+++ MATERIAL SUPPLIED +++

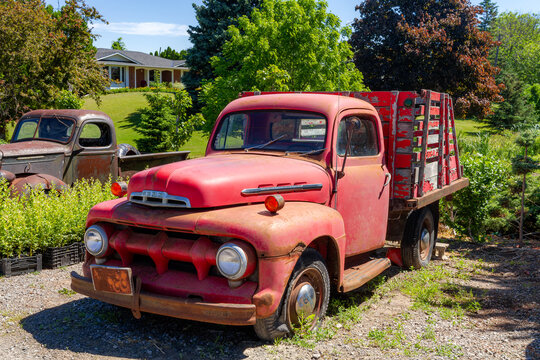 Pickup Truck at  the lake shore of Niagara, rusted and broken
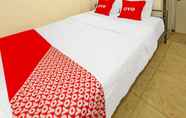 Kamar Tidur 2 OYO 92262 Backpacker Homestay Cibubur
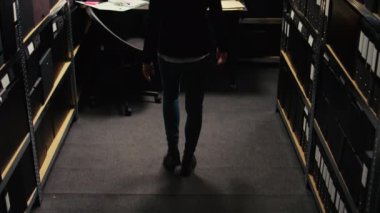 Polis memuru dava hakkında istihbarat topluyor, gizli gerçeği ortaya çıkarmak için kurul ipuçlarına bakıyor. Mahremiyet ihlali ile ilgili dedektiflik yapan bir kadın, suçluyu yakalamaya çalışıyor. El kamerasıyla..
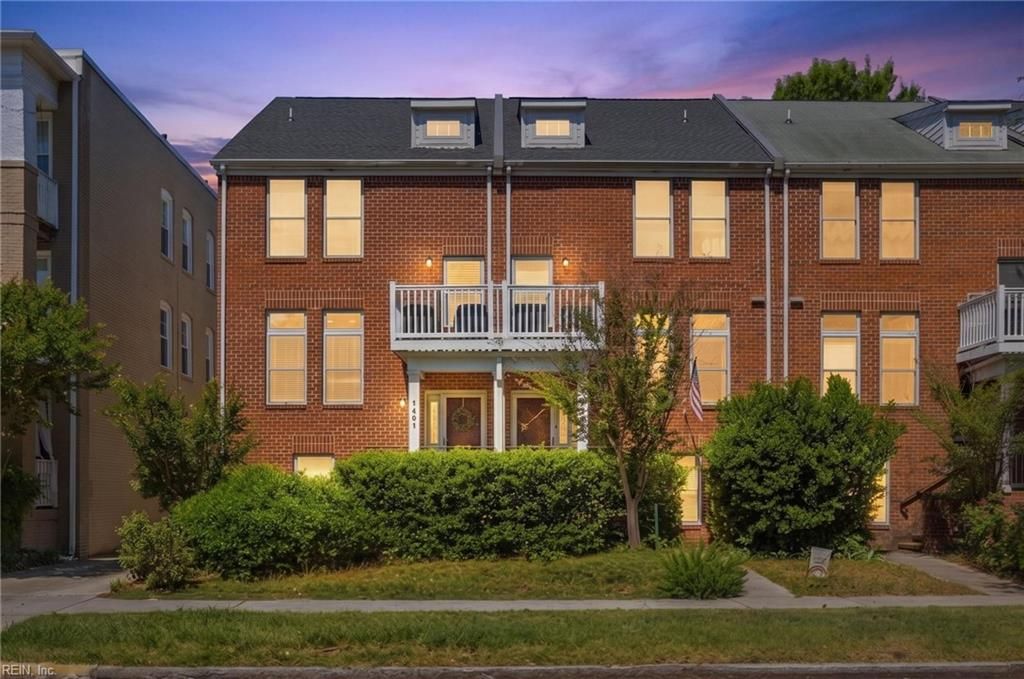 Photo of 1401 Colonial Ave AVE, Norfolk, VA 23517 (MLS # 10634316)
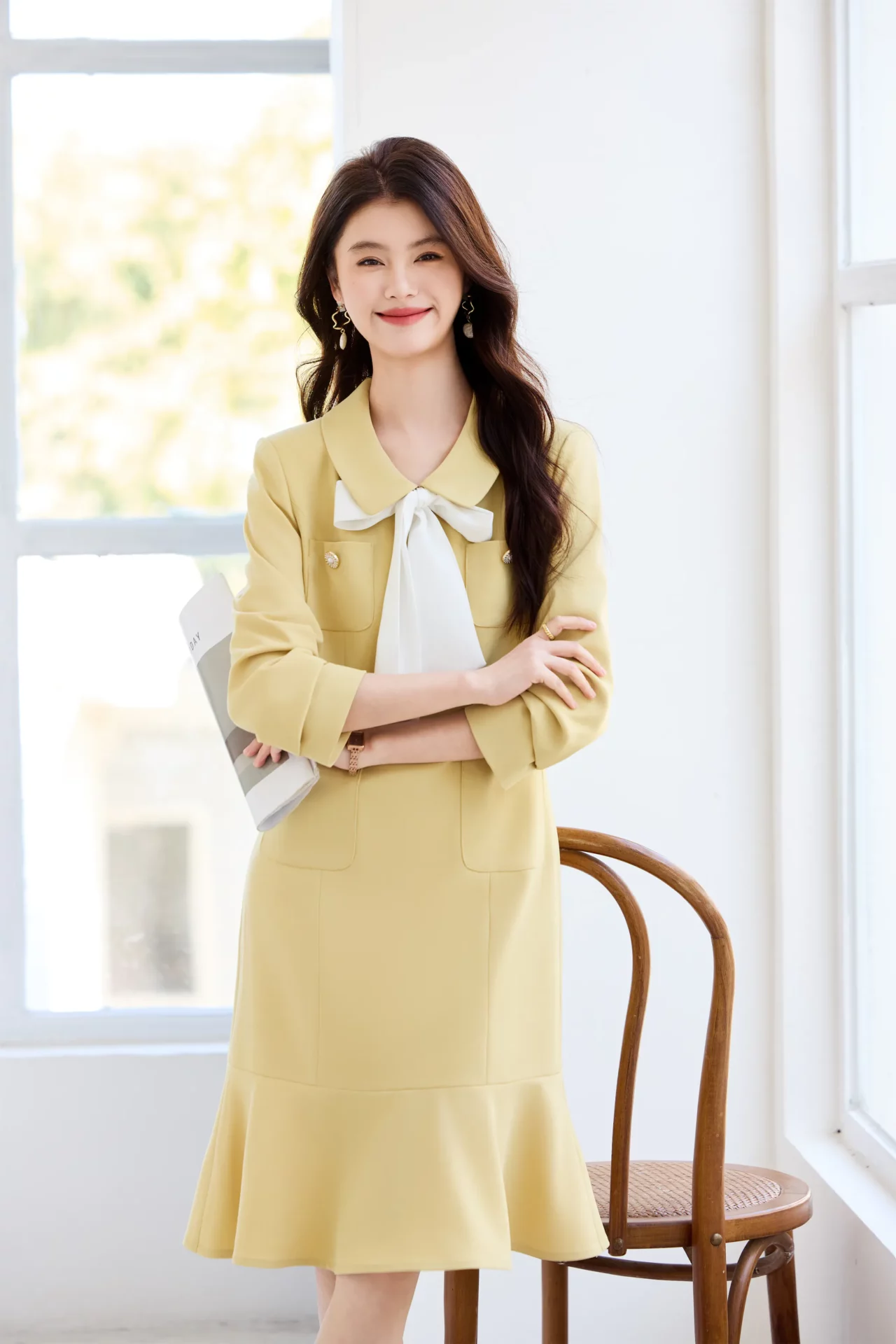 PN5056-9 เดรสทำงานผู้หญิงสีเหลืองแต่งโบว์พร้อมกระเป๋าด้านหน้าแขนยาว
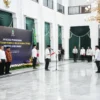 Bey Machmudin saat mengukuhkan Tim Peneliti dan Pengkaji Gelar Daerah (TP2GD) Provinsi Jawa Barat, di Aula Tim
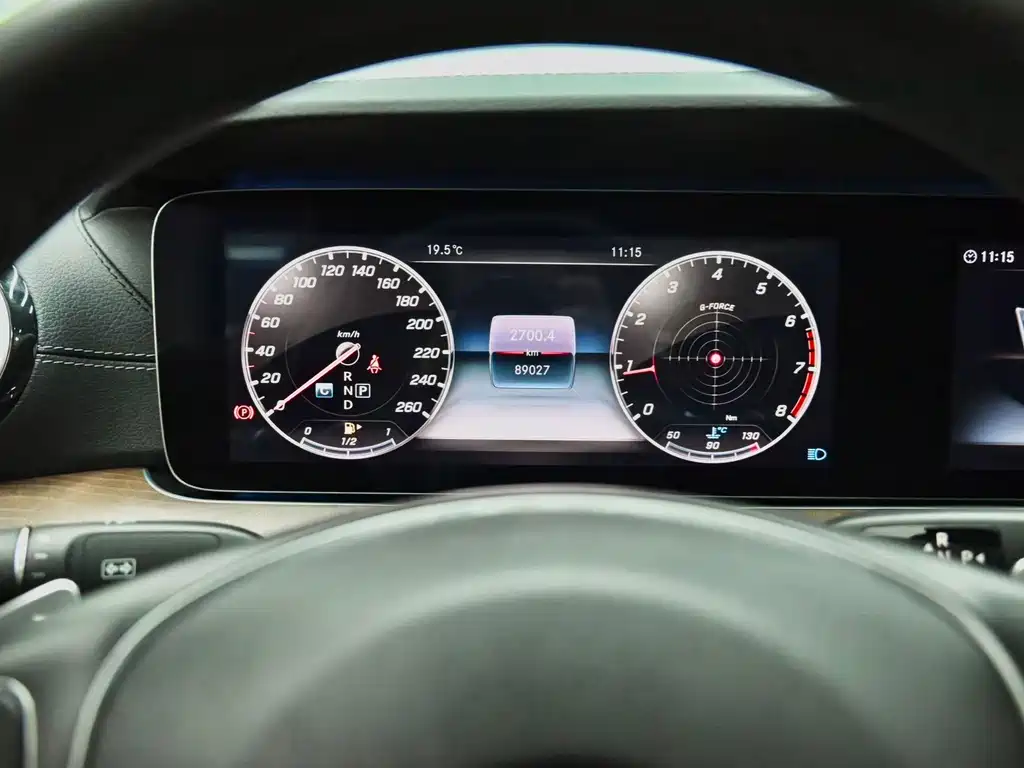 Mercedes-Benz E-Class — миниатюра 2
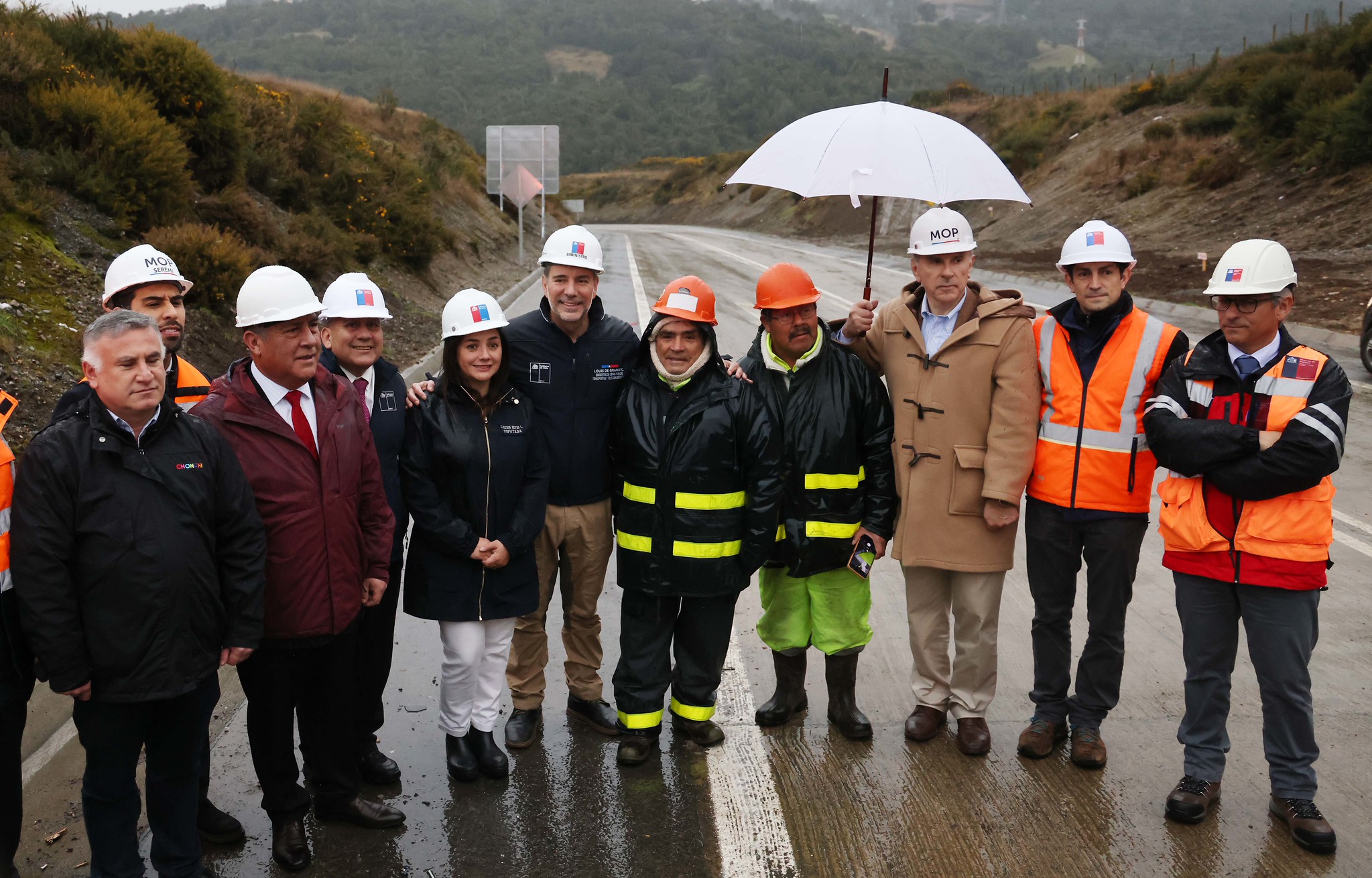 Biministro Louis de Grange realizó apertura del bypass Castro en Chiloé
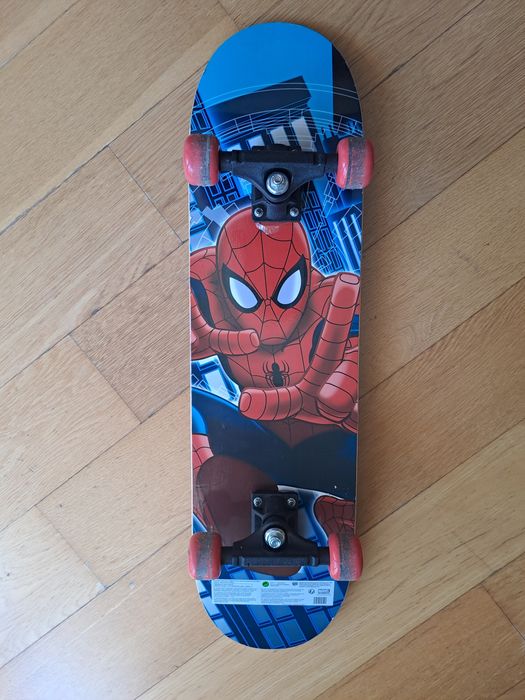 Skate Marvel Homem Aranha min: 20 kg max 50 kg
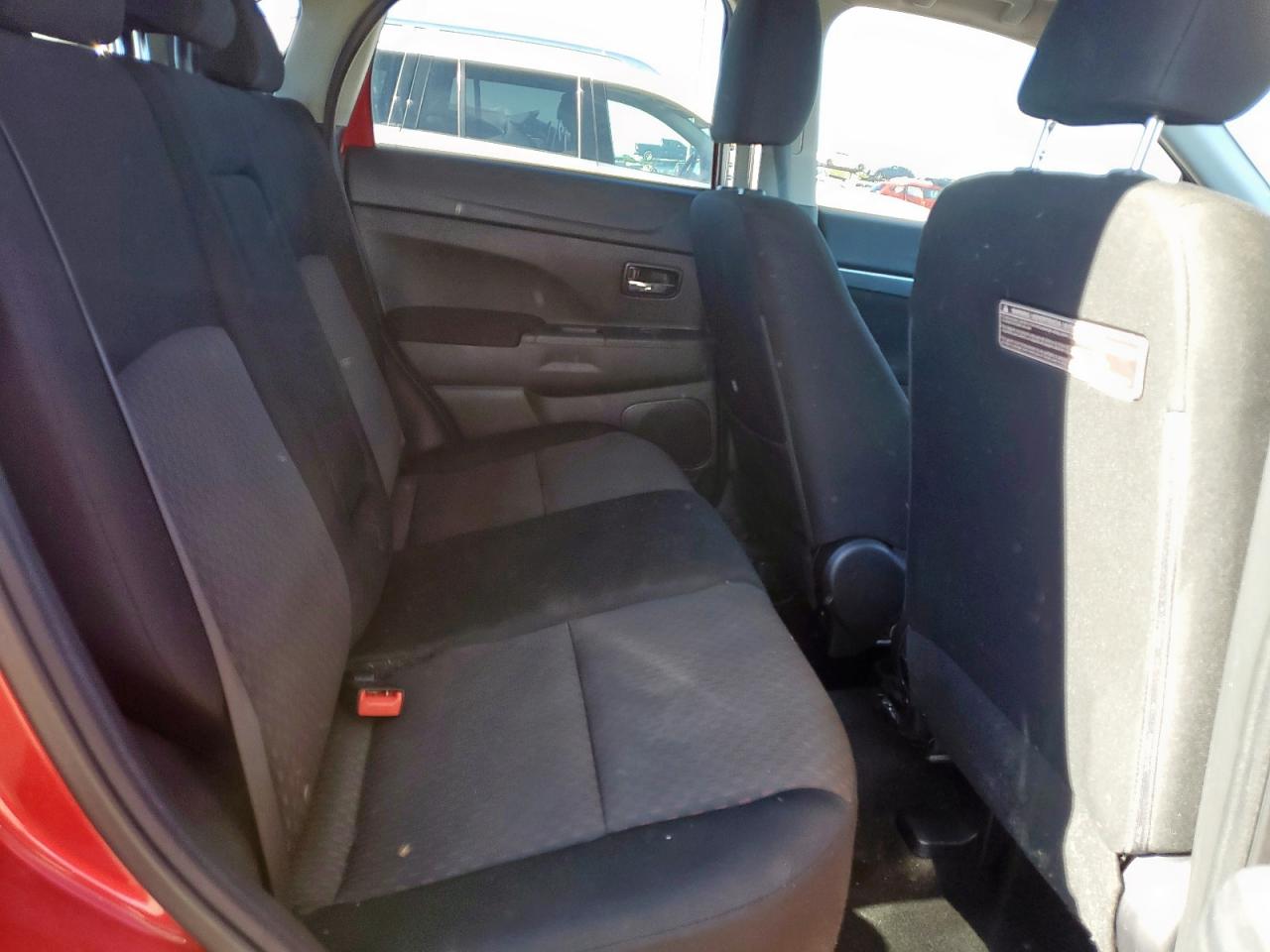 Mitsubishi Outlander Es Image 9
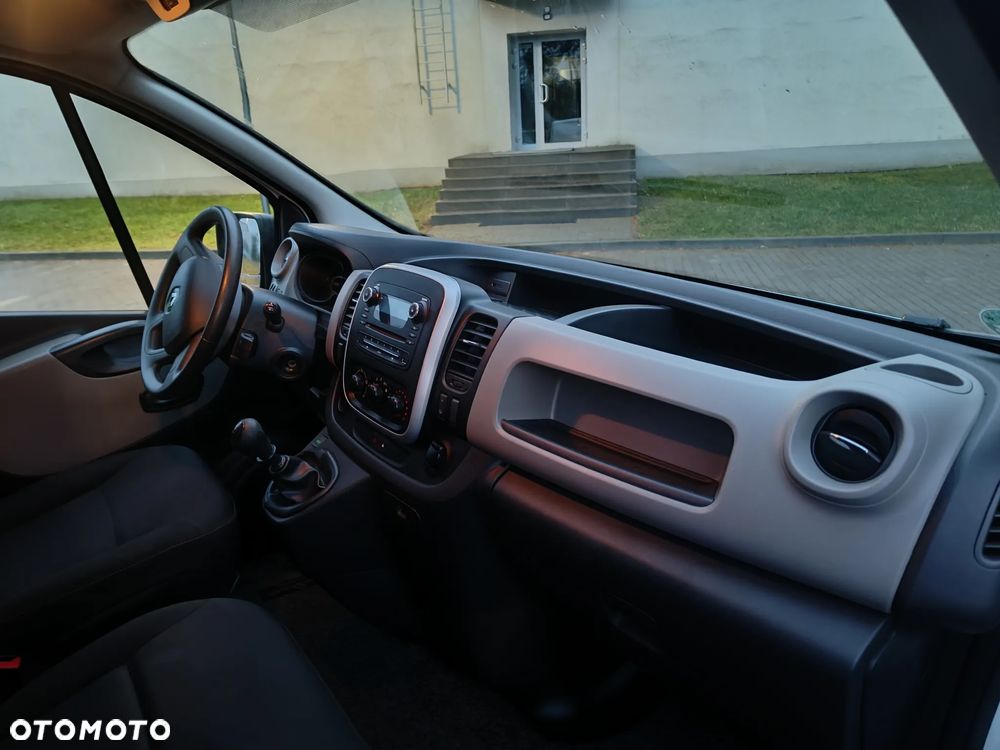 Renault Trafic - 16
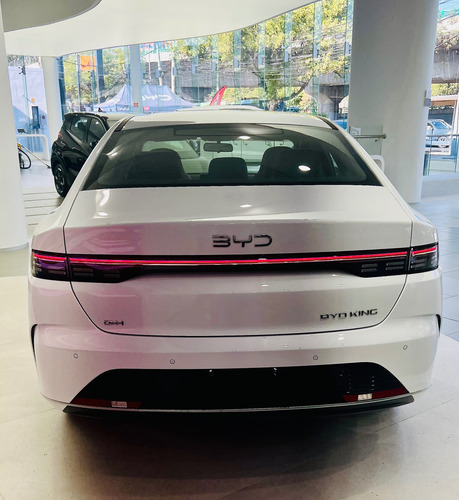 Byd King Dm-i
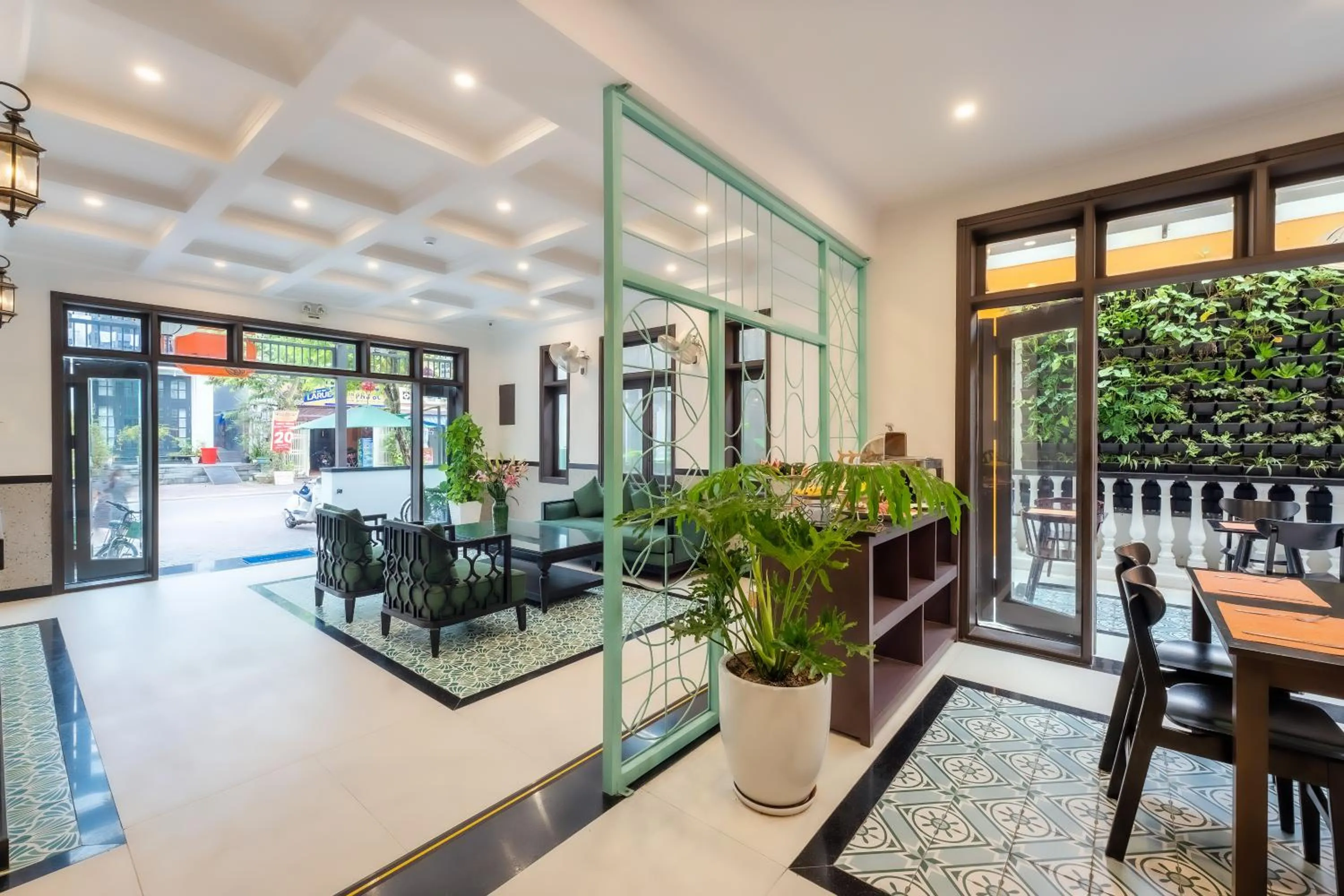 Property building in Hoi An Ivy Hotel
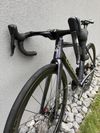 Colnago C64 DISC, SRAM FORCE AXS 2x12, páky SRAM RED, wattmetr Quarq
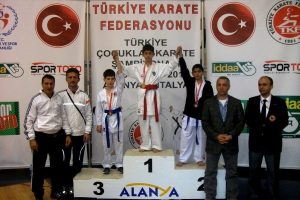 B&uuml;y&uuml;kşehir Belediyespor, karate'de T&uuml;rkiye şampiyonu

+++

■ WORK ITEM
Could the entries above be restated word for word, with the pictures left out?

■ EXERCISE RESULT
 Pickup Truck at  the lake shore of Niagara, rusted and broken
 Kamar Tidur 2 OYO 92262 Backpacker Homestay Cibubur
 Polis memuru dava hakkında istihbarat topluyor, gizli gerçeği ortaya çıkarmak için kurul ipuçlarına bakıyor. Mahremiyet ihlali ile ilgili dedektiflik yapan bir kadın, suçluyu yakalamaya çalışıyor. El kamerasıyla..
 Photo of 1401 Colonial Ave AVE, Norfolk, VA 23517 (MLS # 10634316)
 PN5056-9 เดรสทำงานผู้หญิงสีเหลืองแต่งโบว์พร้อมกระเป๋าด้านหน้าแขนยาว
 Bey Machmudin saat mengukuhkan Tim Peneliti dan Pengkaji Gelar Daerah (TP2GD) Provinsi Jawa Barat, di Aula Tim
 Mercedes-Benz E-Class — миниатюра 2
 Biministro Louis de Grange realizó apertura del bypass Castro en Chiloé
 Skate Marvel Homem Aranha min: 20 kg max 50 kg
 Mitsubishi Outlander Es Image 9
 Renault Trafic - 16
 Byd King Dm-i
 Property building in Hoi An Ivy Hotel
 Colnago C64 DISC, SRAM FORCE AXS 2x12, páky SRAM RED, wattmetr Quarq
 B&uuml;y&uuml;kşehir Belediyespor, karate'de T&uuml;rkiye şampiyonu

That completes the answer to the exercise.